Around the time she stopped taking her birth control, she had unprotected intercourse with a long-term client, within the same week that she’d had sex several times with Giambone. The client’s name was Harmon Vizard. He was a former Catholic priest in his mid-fifties. Through the writings of Thomas Merton, Vizard had become interested in Asian religions. After leaving the priesthood he became a practicing Buddhist, eventually opening his own meditation center in the heart of Santa Monica where he had a following of mostly white professionals. He had married and started a family. Vizard and Delilah had been seeing each other for over ten years. He had sought her out first. She was a dirty diversion from his bland wife, and from the prison of his chaste role as spiritual mentor to the irrepressibly discontented affluent class. She exchanged sex for his spiritual guidance and meditation instruction.
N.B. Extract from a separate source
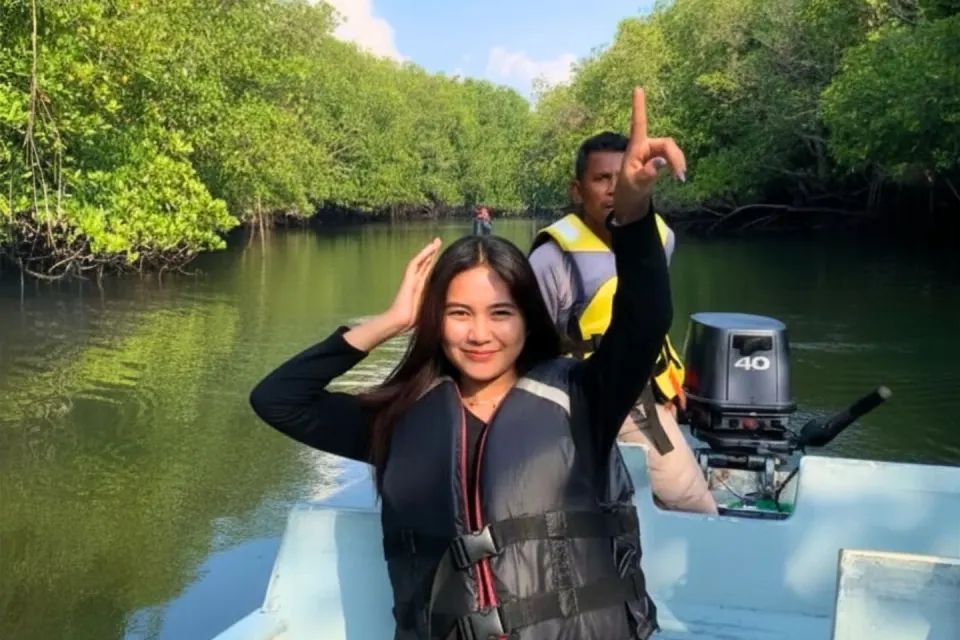 Mangrove or Fireflies Tour in Bintan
Normally, Delilah would have discounted any probability that Vizard could have impregnated her. Vizard practiced an ancient Chinese method of sperm retention, which staved off impotency and prolonged virility. He was a huge advocate of conserving his “chi,” the life force coiled in his testicles. The first few years Delilah visited him regularly at his meditation center, where they fucked in a small room off the main hall, next to the supply closet where the incense and prayer mats were stored. In the beginning she made him wear a condom. Eventually, she realized he was telling the truth. He never had sex with anyone other than Delilah and his wife. Gradually she stopped insisting he wear protection. He always ejaculated on her, never inside, wagging his penis above her like a prelate’s crosier, sprinkling his libations over her belly and breasts. Except this one time, when he lost control, which coincided with the moment Delilah was trying to get pregnant by Giambone.
It was an unusually intimate exchange between them that day. They meditated together before having sex. They had intercourse by assuming a number of Kama Sutra positions and intoning a variety of mantras that he prescribed for unblocking the chakras, which were clogged, he said, by too much modern living. She must have felt emotionally vulnerable that day. It was as though she wanted this holy man to ejaculate inside her, she wanted his preciously guarded semen. He was the only client with whom she ever felt anything resembling intimate tenderness, nurtured over the many years of their business association and spiritual transactions. She didn’t tell him to come inside her, but he seemed to know that’s what she wanted. She always found him to be extremely perceptive because of the years of religious training he had undergone. After an unusually voluble repetition of the sacred word Om, he gave a little spasm that tickled her uterus. She felt his semen drip out of her after he withdrew. She felt the wet discharge in her panties while she drove down Wilshire Blvd. on the way to her next appointment. Neither of them had said anything about this alteration of their usual practice. And then, two weeks later, Delilah discovered she was pregnant.